Write the listing out again word for word, skipping each picture.

◆ **Data extract**:
——

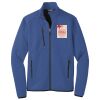 ® Dash Full Zip Fleece Jacket Thumbnail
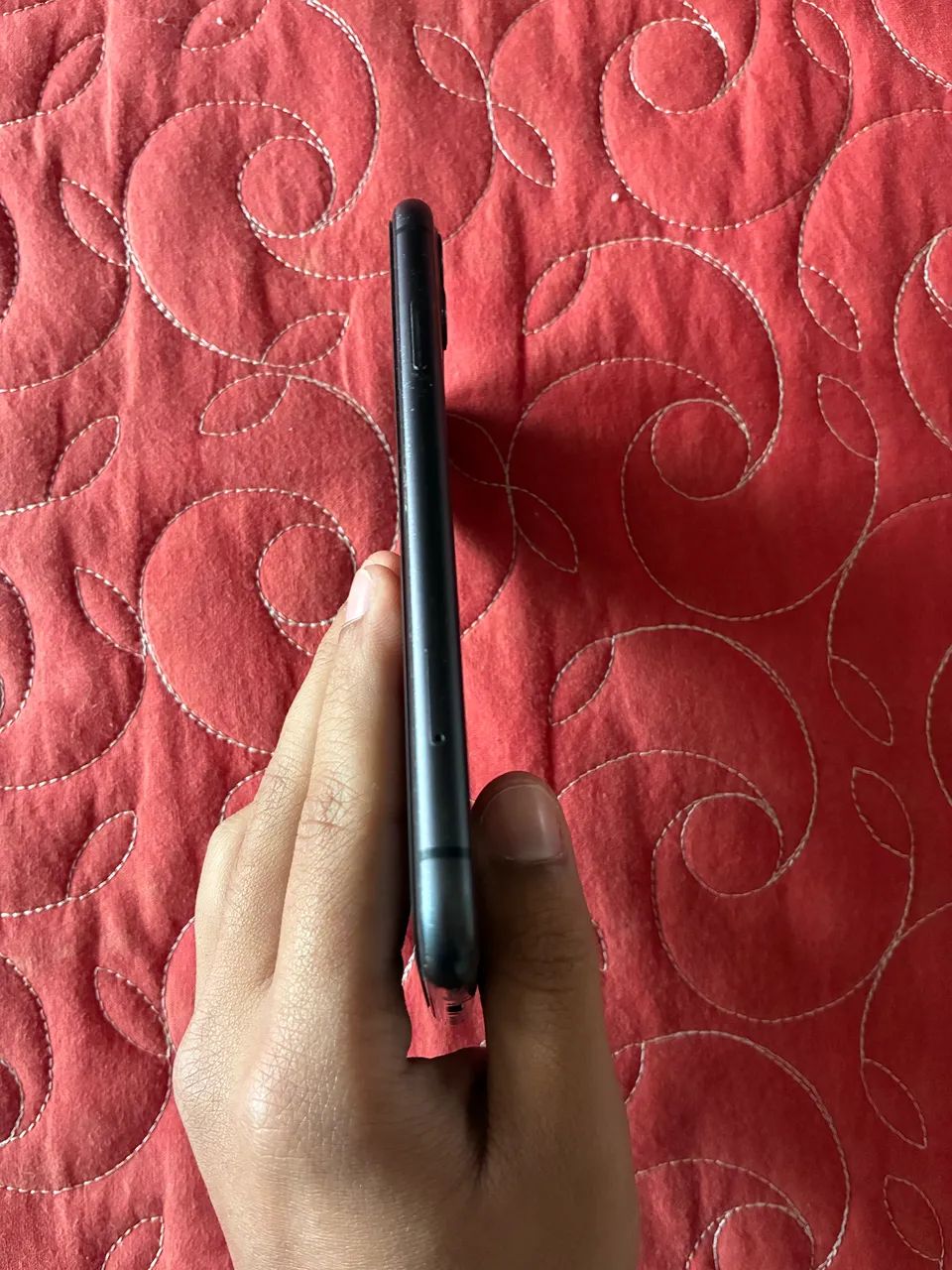 Iphone 11 - Foto 4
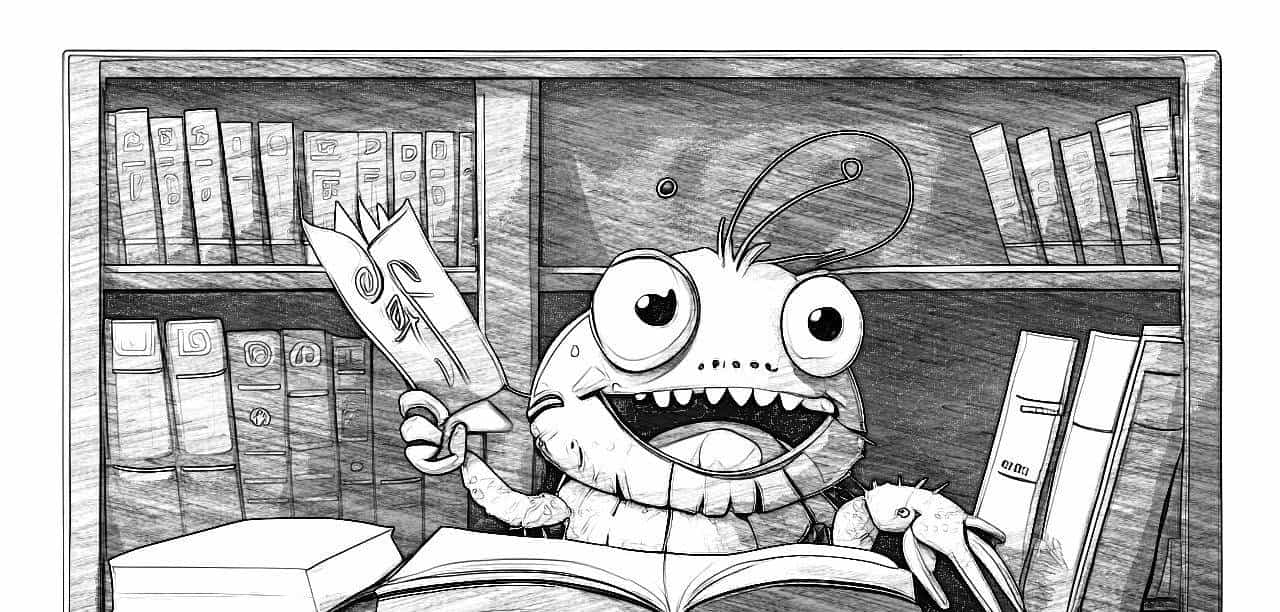 研发大佬的浪漫 | 前端技术十年回顾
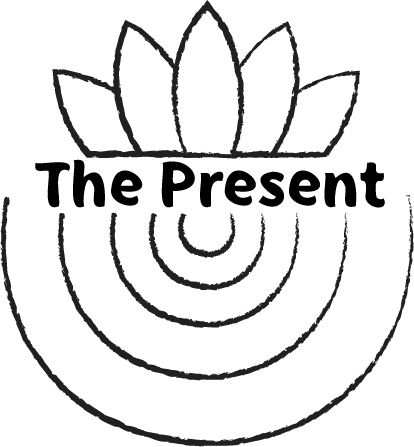 The Present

——

◆ **The completed task**:
 ® Dash Full Zip Fleece Jacket Thumbnail
 Iphone 11 - Foto 4
 研发大佬的浪漫 | 前端技术十年回顾
 The Present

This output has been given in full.